RegulusAuditPlugin¶
In one sentence¶
Emits a structured immutable audit event for every consequential agent action, with retention windows picked by the active compliance profile.
Who does it apply to?¶
Every agent. The audit plugin is the foundation every regulator's question eventually reaches.
The two-minute explainer¶
Two responsibilities:
- Emit events on
AfterAgentCallback,AfterModelCallback,AfterToolCallback, plus on policy / kill-switch / residency events. The event schema is the union of fields required by the active profiles (see Concepts → Audit trails). - Compact events via a custom
EventCompactor(RegulusRetentionEventCompactor) registered on theApp. Old raw events are summarised viaBaseEventSummarizer; the summary retains audit-relevant fields but drops user-content payloads when storage limitation requires it.
The plugin refuses to emit events missing required fields.
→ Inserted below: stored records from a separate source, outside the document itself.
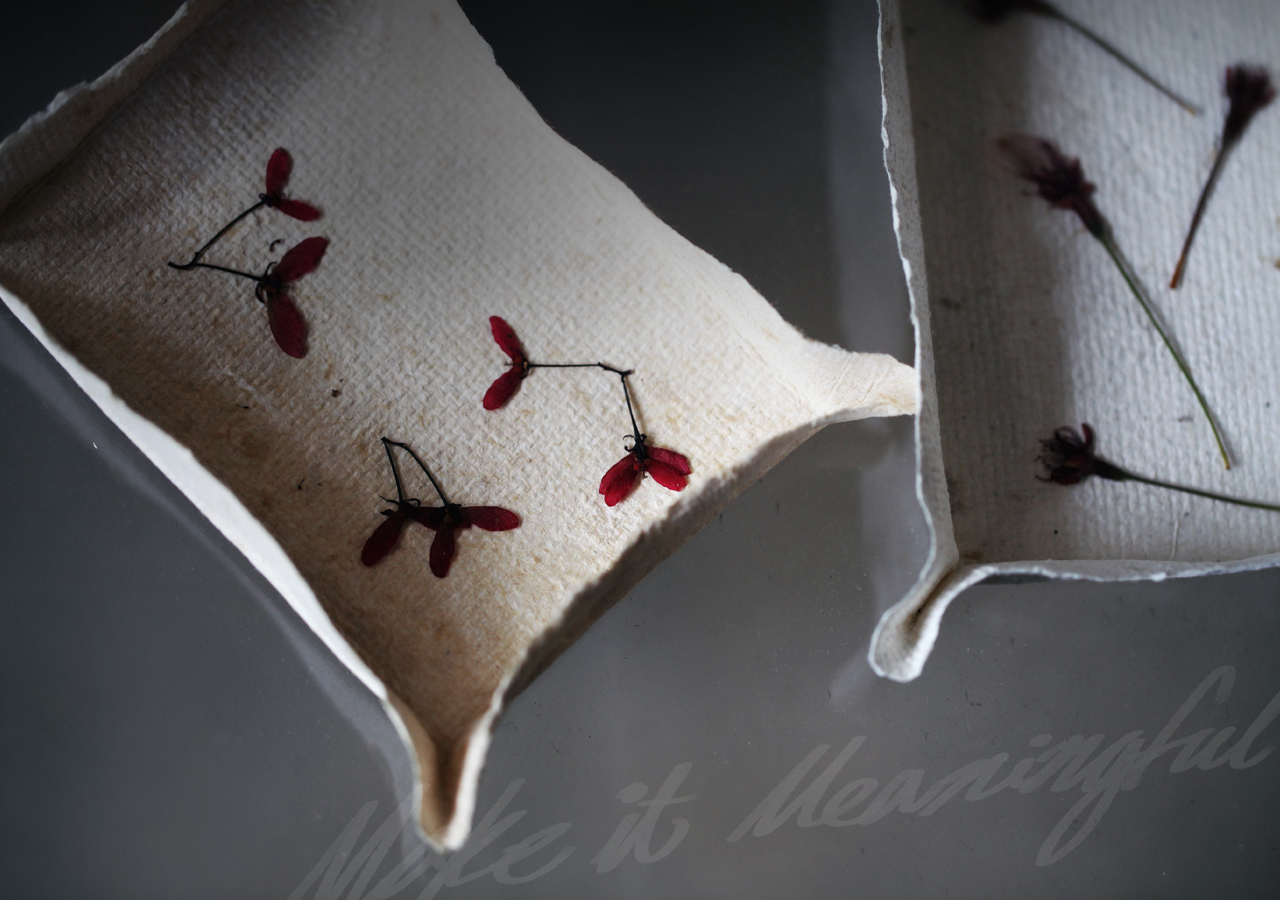 디자이너 정다운 전시 작품 이미지가 있습니다. 현재 화면은 배경 이미지가 자동으로 다른 이미지로 전환되는 효과를 포함하고 있습니다.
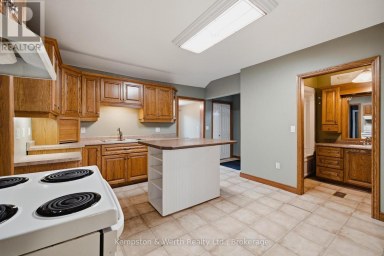 485 WALLACE AVENUE S North Perth (Listowel) Ontario photo 13
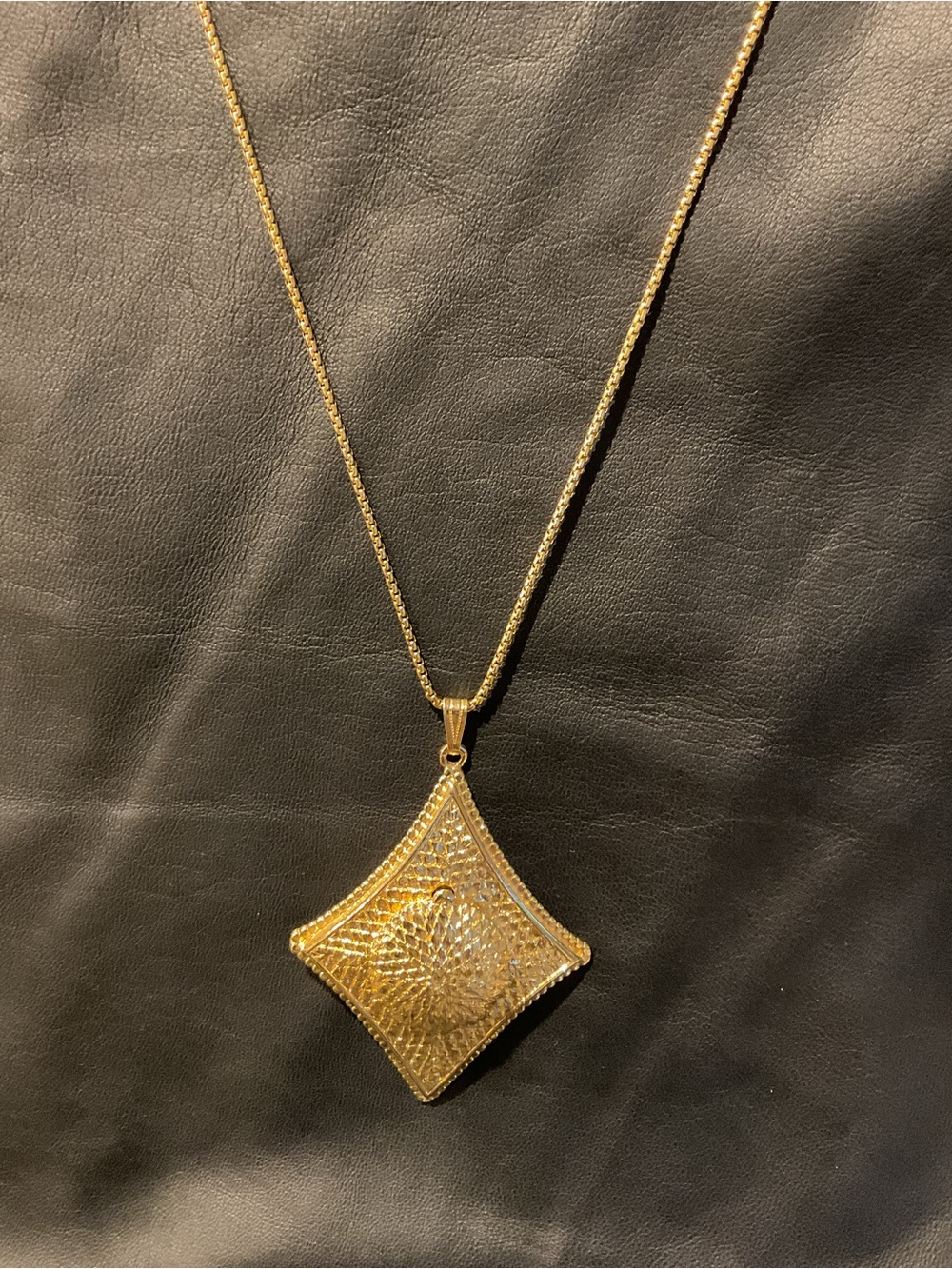 Gold Platted locket, on a gold plated chain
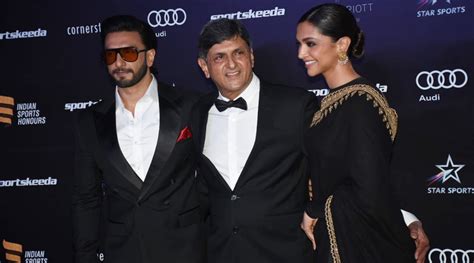 Deepika Padukone, Prakash Padukone and Ranveer Singh strike a picture ...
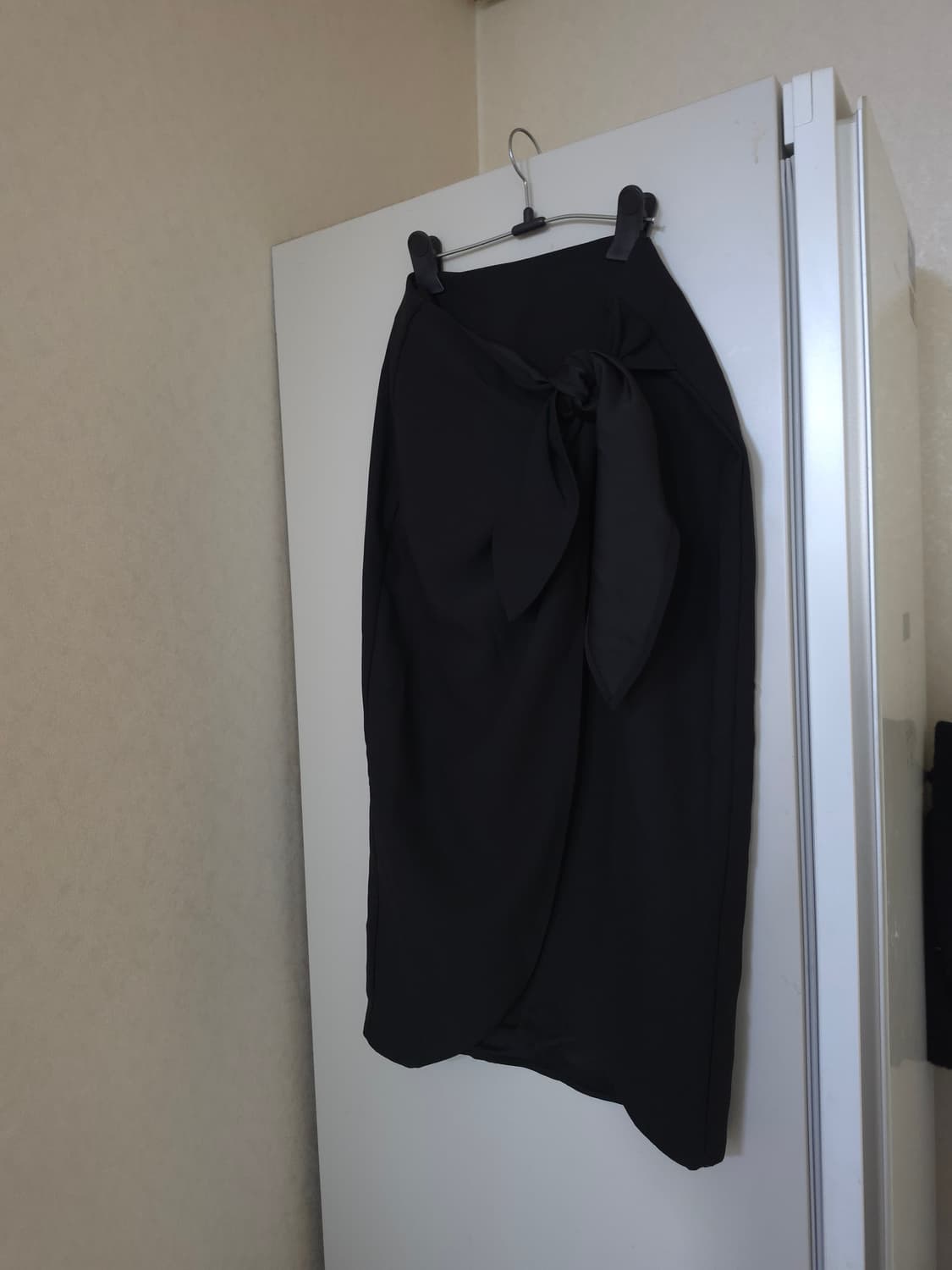 새상품)앤아더스토리즈 랩 롱 스커트 상품이미지1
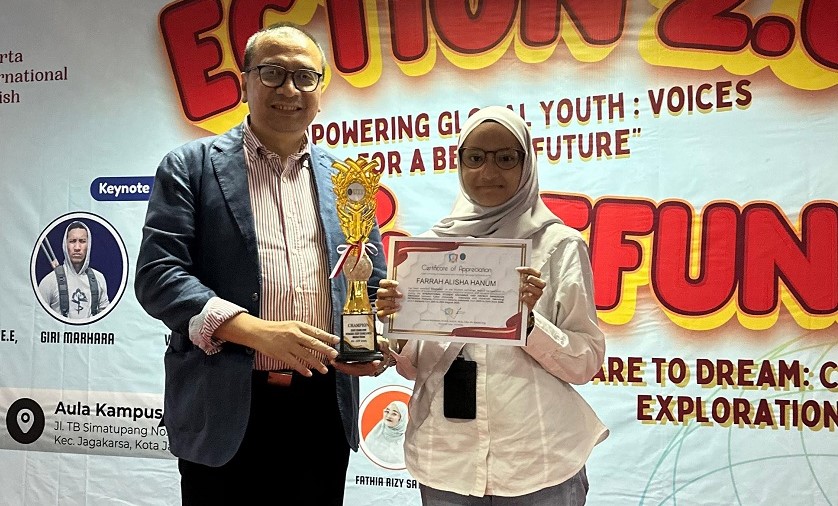 Mahasiswi Prodi Bisnis Digital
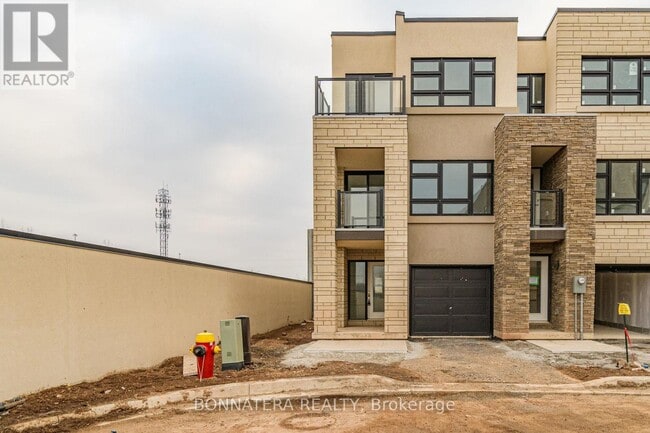 Building Photo - 1121 Cooke Blvd.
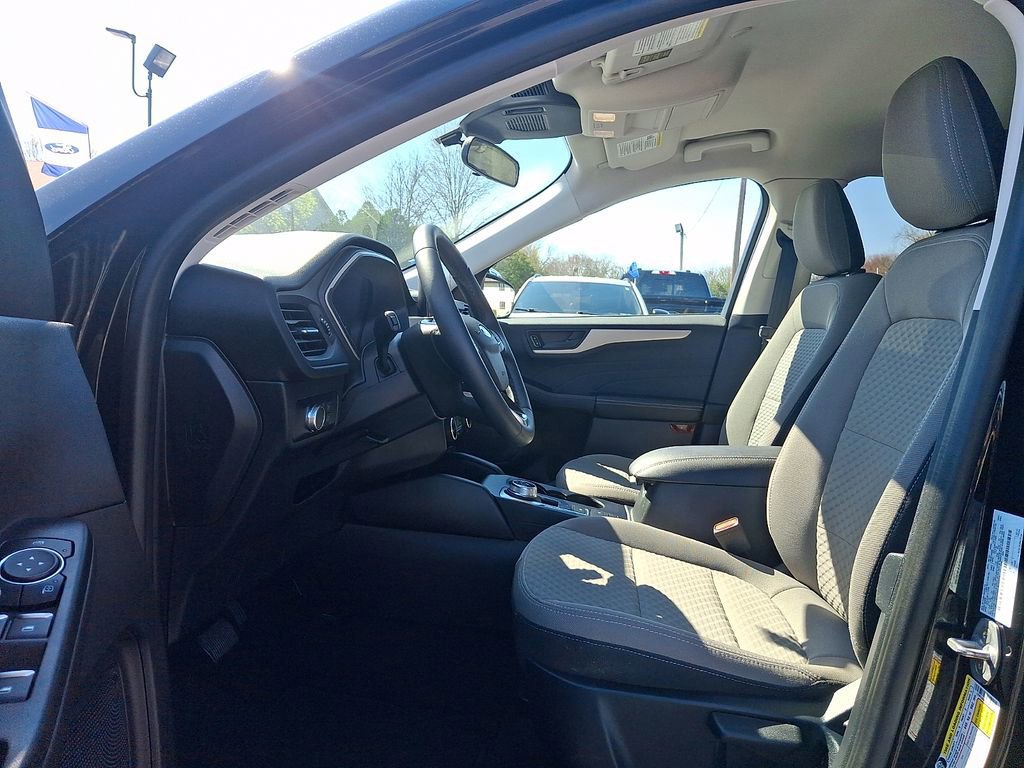 Certified 2022 Ford Escape SE w/ Cold Weather Package AWD/4WD image 14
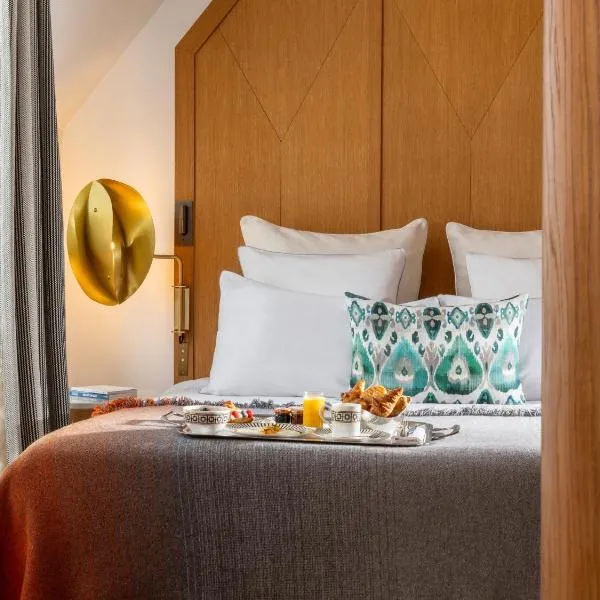 Hôtel Vernet Champs Elysées Paris, hotel din Paris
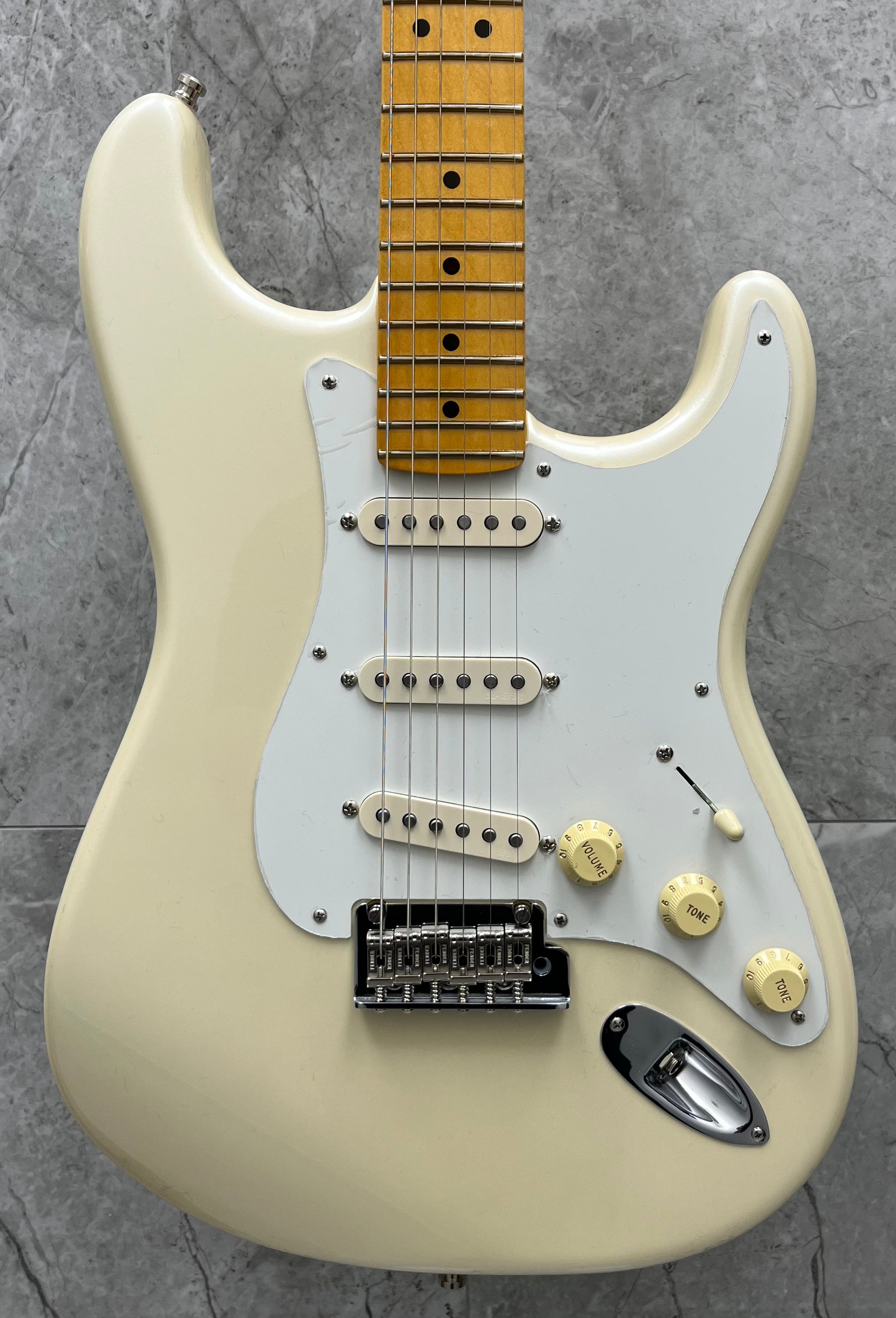 Fender USA Lincoln Brewster Stratocaster Maple Fingerboard, Olympic Pearl 0116502723 SERIAL NUMBER LB01382 - 9.0 LBS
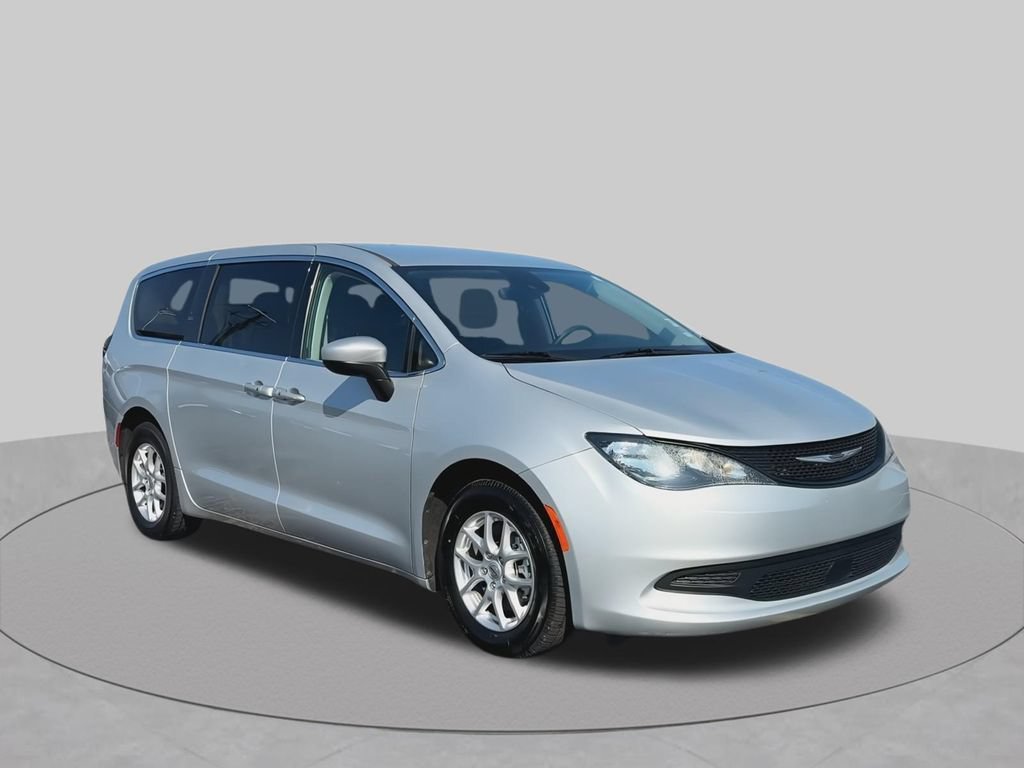 Used 2023 Chrysler Voyager LX FWD image 2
This is deliberate fail-loud behaviour: a half-event in the trail is worse than no event, because it makes the trail look complete when it isn't.
What it actually requires of an engineer¶
- Pick an audit sink:
stdoutfor dev,kafkafor prod, custom for anything else. - Populate invocation context with the profile-required fields (the Spring
starter handles the common ones; add tenant-specific ones via a
PolicyContextor response decorator). - Plan storage for the retention window — see Concepts → Audit trails.
What Regulus does for you¶
- Schema enforcement: missing required field → fail-loud, not silent.
- Composition: a request that triggers GDPR + AI Act + FCA SYSC fields emits one event with the union, not three events.
- Retention: regulation-aware.
RegulusRetentionEventCompactorpicks the longest window across active profiles; older events are summarised. - Erasure path: where the active profile allows it, GDPR Art. 17 erasure produces a tombstone, not a hole.
Saves you ~¶
- ~6 engineer-weeks for the pipeline + retention + erasure + monotonic immutability + tests.
- Ongoing: retention adjustment as regulations shift.
Code: minimal¶
RegulusAuditPlugin audit = RegulusAuditPlugin
.forProfile(profile)
.toSink(AuditSink.stdout())
.build();
Code: production¶
Plus the Spring starter wires a KafkaTemplate-backed sink that emits
JSON. For custom destinations (BigQuery, S3 Object Lock, etc.) provide an
AuditSink bean:
@Bean
AuditSink bigQueryAuditSink(BigQuery bq) {
return event -> bq.insertAll(InsertAllRequest.newBuilder("audit", "events")
.addRow(event).build());
}
How to verify¶
- Trigger a request → expect events for
before-agent,before-model,after-model,after-agent(at minimum). - Trigger a policy block → expect a
policy.blockevent withclause_citationpopulated. - Run the compaction task → events older than the raw-retention window are summarised.
What an auditor will ask¶
- "Where do these go?" Sink configuration; topic/bucket access policy.
- "How are they protected from modification?" Kafka topic compaction off / Object Lock / signing — depending on the immutability hint of the profile.
- "How long do you keep them?" Per-profile retention; compactor task logs.
- "How do you action an Art. 15 SAR?" Subject-linked query + redaction-aware output.
What this doesn't cover¶
- Operating the audit storage. Capacity, access, archival to glacier tiers — yours.
- External SIEM integration. Connect the sink to your SIEM via the usual Kafka / log-forwarding path.
Citations¶
See Concepts → Audit trails and the regulation pages.